ABSTRACT
Introduction
Human epidermal growth factor receptor two (HER2) target therapies have drastically revolutionized the treatment of HER2-positive breast cancer. Starting with trastuzumab, early phase III trials have already highlighted its significant cardiotoxicity, which is also present, albeit to a lesser extent, in the new generation drugs. Also given the growing population of patients with cardiovascular diseases, it is vital to set up proper long-term follow-up to prevent morbidity related to the development of cardiotoxicity.
Areas covered
This review discusses the mechanisms of action underlying the cardiotoxicity of HER2 targeted therapies and the main clinical evidence on the toxicity of these drugs. In addition, the patterns of patient assessment prior to the initiation of therapy with HER2 targeted therapies are discussed, as well as the main evidence concerning the follow-up and management of cardiotoxicity.
Expert opinion
The mechanisms of cardiotoxicity of new HER2 drugs need further study and, likewise, methods to prevent, monitor and identify HER-2-induced cardiotoxicity need to be implemented.

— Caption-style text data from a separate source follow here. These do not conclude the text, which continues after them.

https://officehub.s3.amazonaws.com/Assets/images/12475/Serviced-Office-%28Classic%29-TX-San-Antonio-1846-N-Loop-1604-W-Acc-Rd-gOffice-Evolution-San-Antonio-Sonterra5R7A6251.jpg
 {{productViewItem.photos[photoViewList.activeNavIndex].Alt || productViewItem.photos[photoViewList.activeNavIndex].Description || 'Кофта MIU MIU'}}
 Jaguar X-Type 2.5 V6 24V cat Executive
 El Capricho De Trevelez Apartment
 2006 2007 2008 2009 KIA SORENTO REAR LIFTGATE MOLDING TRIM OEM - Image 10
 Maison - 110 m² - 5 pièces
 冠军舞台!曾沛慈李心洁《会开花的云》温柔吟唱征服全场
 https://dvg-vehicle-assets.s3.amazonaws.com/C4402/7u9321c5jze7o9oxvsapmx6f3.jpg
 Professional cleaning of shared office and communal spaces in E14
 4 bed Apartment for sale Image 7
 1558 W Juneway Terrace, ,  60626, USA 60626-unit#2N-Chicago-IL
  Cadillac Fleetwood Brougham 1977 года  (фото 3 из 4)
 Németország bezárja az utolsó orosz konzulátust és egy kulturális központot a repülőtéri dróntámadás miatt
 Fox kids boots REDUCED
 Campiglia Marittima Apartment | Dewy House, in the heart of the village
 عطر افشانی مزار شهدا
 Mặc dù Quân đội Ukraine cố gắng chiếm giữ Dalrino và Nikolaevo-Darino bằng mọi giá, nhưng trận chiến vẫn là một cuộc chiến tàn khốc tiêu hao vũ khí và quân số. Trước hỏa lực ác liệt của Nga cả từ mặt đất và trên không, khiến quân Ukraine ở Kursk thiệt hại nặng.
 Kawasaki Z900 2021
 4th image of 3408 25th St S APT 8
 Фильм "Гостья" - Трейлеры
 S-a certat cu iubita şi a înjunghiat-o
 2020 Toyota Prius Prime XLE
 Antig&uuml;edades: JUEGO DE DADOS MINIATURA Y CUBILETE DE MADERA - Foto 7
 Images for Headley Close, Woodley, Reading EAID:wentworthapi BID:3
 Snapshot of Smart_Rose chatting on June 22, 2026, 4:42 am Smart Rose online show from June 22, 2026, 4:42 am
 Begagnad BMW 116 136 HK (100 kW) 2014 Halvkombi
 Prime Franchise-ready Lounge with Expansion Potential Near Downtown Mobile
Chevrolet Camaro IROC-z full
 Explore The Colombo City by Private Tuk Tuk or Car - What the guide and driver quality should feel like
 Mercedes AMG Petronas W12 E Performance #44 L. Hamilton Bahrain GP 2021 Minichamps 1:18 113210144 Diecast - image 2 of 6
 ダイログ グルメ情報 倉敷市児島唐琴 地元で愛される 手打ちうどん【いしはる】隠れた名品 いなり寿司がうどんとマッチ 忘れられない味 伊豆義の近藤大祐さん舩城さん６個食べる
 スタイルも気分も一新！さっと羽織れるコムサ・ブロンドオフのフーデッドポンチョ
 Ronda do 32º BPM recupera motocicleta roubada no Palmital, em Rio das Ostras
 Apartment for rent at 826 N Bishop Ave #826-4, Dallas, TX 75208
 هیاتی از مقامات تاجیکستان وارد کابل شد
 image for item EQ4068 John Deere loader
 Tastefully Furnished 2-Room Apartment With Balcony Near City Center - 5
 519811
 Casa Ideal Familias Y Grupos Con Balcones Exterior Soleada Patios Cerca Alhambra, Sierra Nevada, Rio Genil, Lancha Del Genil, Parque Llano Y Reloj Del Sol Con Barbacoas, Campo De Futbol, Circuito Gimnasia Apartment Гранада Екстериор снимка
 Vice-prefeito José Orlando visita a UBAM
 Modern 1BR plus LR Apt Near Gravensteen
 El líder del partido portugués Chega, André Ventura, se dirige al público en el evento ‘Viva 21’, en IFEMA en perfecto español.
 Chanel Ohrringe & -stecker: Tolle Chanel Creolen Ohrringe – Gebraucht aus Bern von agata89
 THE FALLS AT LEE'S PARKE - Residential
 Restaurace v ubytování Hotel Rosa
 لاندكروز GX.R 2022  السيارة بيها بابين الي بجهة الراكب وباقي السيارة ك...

Although some studies highlight the validity of cardiac biomarkers as predictive factors for cardiotoxicity, their actual usefulness and timing is still debated. Further studies are needed to assess the effectiveness of possible pharmacological primary prevention.
Article highlights
Breast cancer is a clinical entity of major epidemiological importance
Target her 2 therapies, and in particular trastuzumab, are cardiotoxic, a relevant aspect in a growing population burdened with increased cardiovascular risk
Cardiotoxicity from HER2 targeted therapies is mainly characterized by asymptomatic decrease in LVEF and, to a lesser extent, with the development of heart failure
risk stratification is a vital aspect of the initial assessment of the patient candidate for HER2 targeted therapies
Cardiac biomarkers and trans-thoracic ultrasound are the main diagnostic tools for assessing cardiotoxicity from HER2 targeted therapies
Declaration of interest
The authors have no relevant affiliations or financial involvement with any organization or entity with a financial interest in or financial conflict with the subject matter or material discussed in the manuscript. This includes employment, consultancies, honoraria, stock ownership or options, expert testimony, grants or patents received or mending, or royalties.
Reviewer disclosures
Peer reviewers on this manuscript have no relevant financial or other relationships to disclose.